Without the benefit of an opinion, this court can only assume that these pendent state claims were dismissed as a result of the dismissal of the federal claims. See Schultz v. Sundberg, 759 F.2d 714, 718 (9th Cir.1985) (holding that the district court may exercise its discretion to dismiss pendent claims after dismissal of federal claims on summary judgment). The better practice would have been to dismiss without prejudice. See Brandwein v. California Bd. of Osteopathic Examiners, 708 F.2d 1466, 1475 (9th Cir.1983).

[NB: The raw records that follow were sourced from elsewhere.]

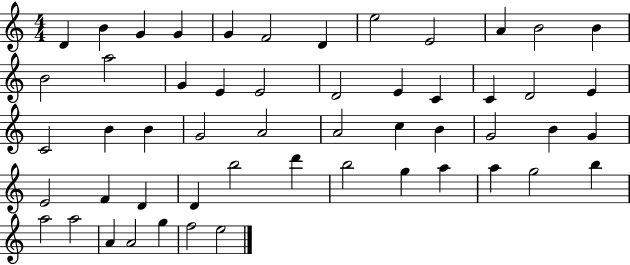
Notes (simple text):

D4/q B4/q G4/q G4/q G4/q F4/h D4/q E5/h E4/h A4/q B4/h B4/q B4/h A5/h G4/q E4/q E4/h D4/h E4/q C4/q C4/q D4/h E4/q C4/h B4/q B4/q G4/h A4/h A4/h C5/q B4/q G4/h B4/q G4/q E4/h F4/q D4/q D4/q B5/h D6/q B5/h G5/q A5/q A5/q G5/h B5/q A5/h A5/h A4/q A4/h G5/q F5/h E5/h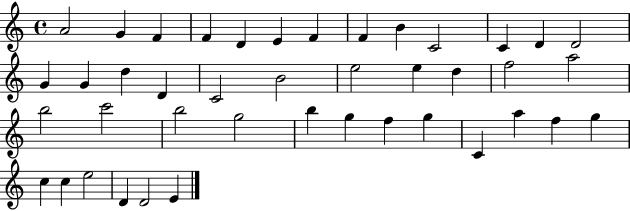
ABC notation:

X:1
T:Untitled
M:4/4
L:1/4
K:C
A2 G F F D E F F B C2 C D D2 G G d D C2 B2 e2 e d f2 a2 b2 c'2 b2 g2 b g f g C a f g c c e2 D D2 E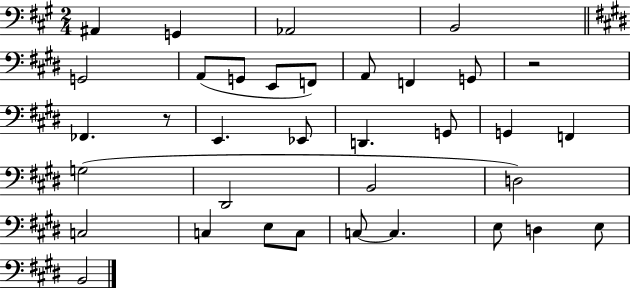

The Clippers assert that Raiders II demands dismissal of state-law claims for breach of the implied promise of good faith and fair dealing. The Raiders II decision, however, dismissed the Raiders’ recovery on those grounds because, on the evidence presented in that case, the only reasonable • conclusion was either that no party breached that promise, or that both parties had. 791 F.2d at 1362-63. The issue in this case is clearly not identical to that in Raiders. It is not clear which party, if any, broke the *570duty of good faith and fair dealing. It therefore presents yet another question to be determined at trial before the district court.

The NBA requests that this court enter judgment for it under the “expansion opportunity” theory of damages discussed in Raiders II. 791 F.2d at 1371-73. The majority in Raiders II, however, found only that the expansion opportunity taken by the Raiders in their move to Los Angeles limited the Raiders’ recovery of antitrust damages. The majority revealed nothing about the origin of that offset. Therefore, the existence of a recovery for expansion opportunity must find its source somewhere other than antitrust law: i.e., the express or implied provisions of the NBA constitution. This theory, however, presents issues of fact and is properly left to the district court.

CONCLUSION

The pervasive issues of material fact that remain warrant the return of this case, in its entirety, to the district court for trial. We therefore reverse the district court’s grant of summary judgment and remand the case to the district court for trial.

REVERSED and REMANDED.

. Los Angeles Memorial Coliseum Comm’n v. National Football League, 726 F.2d 1381 (9th Cir.), cert. denied, 469 U.S. 990, 105 S.Ct. 397, 83 L.Ed.2d 331 (1984) [hereinafter Raiders /]; see also Los Angeles Memorial Coliseum Comm’n v. National Football League, 791 F.2d 1356 (9th Cir.1986) [hereinafter Raiders //].

. The court in Hendrix appears to overlook that all declaratory judgments will be in some sense hypothetical, since they are premised on the understanding that the prospective plaintiff has not yet filed suit and the prospective defendant wishes to determine his or her liability. The issue is not whether the requested declaratory relief is hypothetical. Rather, the issue is whether the case presents a sufficiently concrete case and controversy upon which relief properly may be fashioned.

. See, e.g., Roberts, Sports Leagues and the Sherman Act: The Use and Abuse of Section 1 to Regulate Restraints on Intraleague Rivalry, 32 UCLA L.Rev. 219, 280-81 (1984) (recognizing the Raiders I decision as the affirmance of a jury verdict, yet arguing that Raiders I "effectively bars a league from preventing relocation to an area where another member club is al*568ready based"); Weistart, League Control of Market Opportunities: A Perspective on Competition and Cooperation in the Sports Industry, 1984 Duke L.J. 1013, 1014, 1026 (recognizing Raiders I as the affirmance of a jury verdict based upon a particular situation, but arguing that the case allows the uncompensated diversion of “an exquisite corporate opportunity”); Comment, Keeping the Home Team at Home, 74 Calif.L.Rev. 1329, 1332 & n. 19 (1986) (assuming that the Raiders decisions remove control of franchise movements from sports leagues) [hereinafter cited as Gray Comment].